== COLLECTED MATERIAL ==

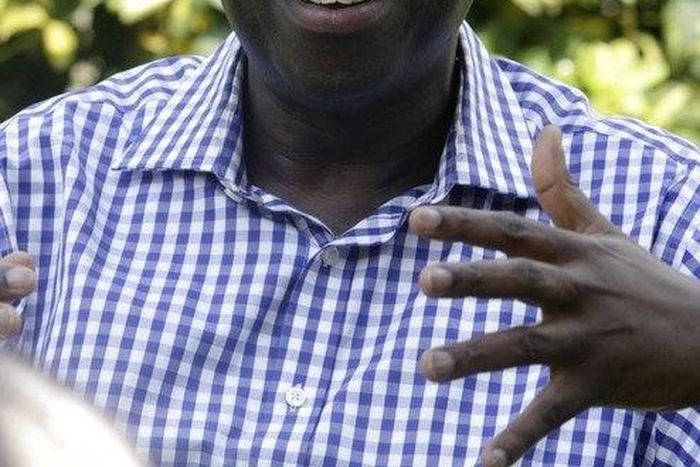 Uganda's main opposition leader Kizza Besigye talks during an interview with Reuters at his home in Kasangati near Kampala, January 13, 2012.   REUTERS/James Akena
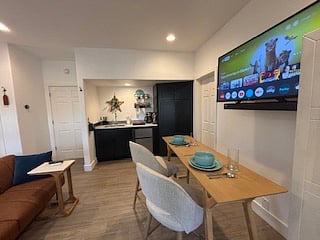 With the table pulled out from the wall, this setup becomes the perfect place to enjoy a meal or get some work done while watching your favorite show. Soft chairs and warm lighting make it feel inviting and relaxed.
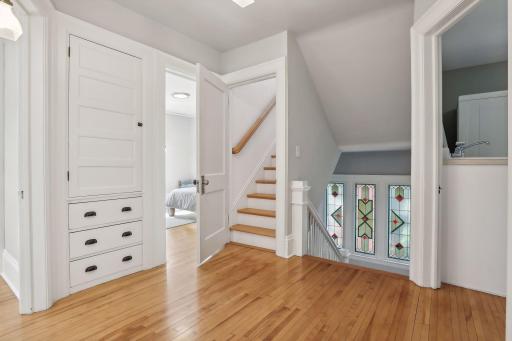 Check out this stunning staircase, built-ins and gorgeous stained glass windows!
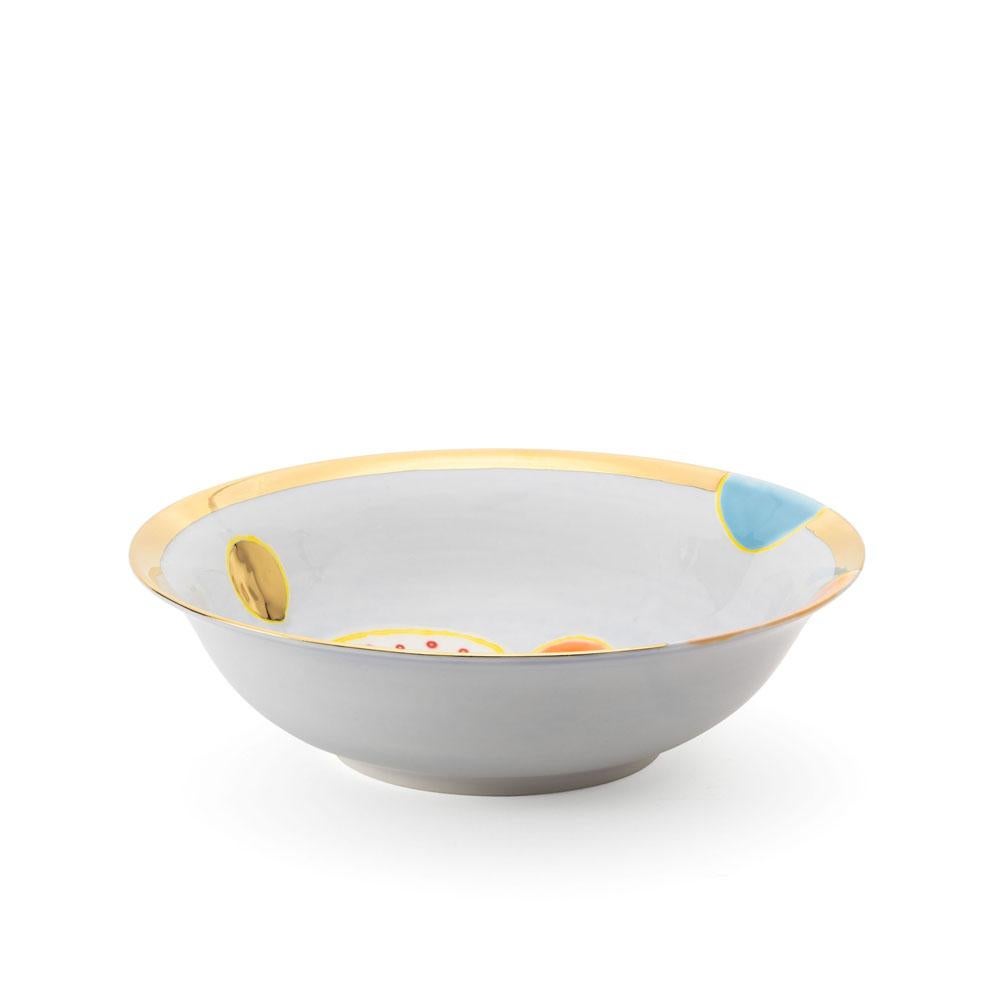 The Gold Impressions collection takes Coralla's exploration of geometry and minimalism to a new dimension, infusing her iconic designs with radiant gold accents. These golden elements transform familiar symbols, like the Mountain, into luminous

===

» **WORK ORDER**: Leaving aside every picture, transcribe exactly the lines that run from the one with "Check out this" to the close of the listing above.

» **TASK ANSWER**:
 Check out this stunning staircase, built-ins and gorgeous stained glass windows!
 The Gold Impressions collection takes Coralla's exploration of geometry and minimalism to a new dimension, infusing her iconic designs with radiant gold accents. These golden elements transform familiar symbols, like the Mountain, into luminous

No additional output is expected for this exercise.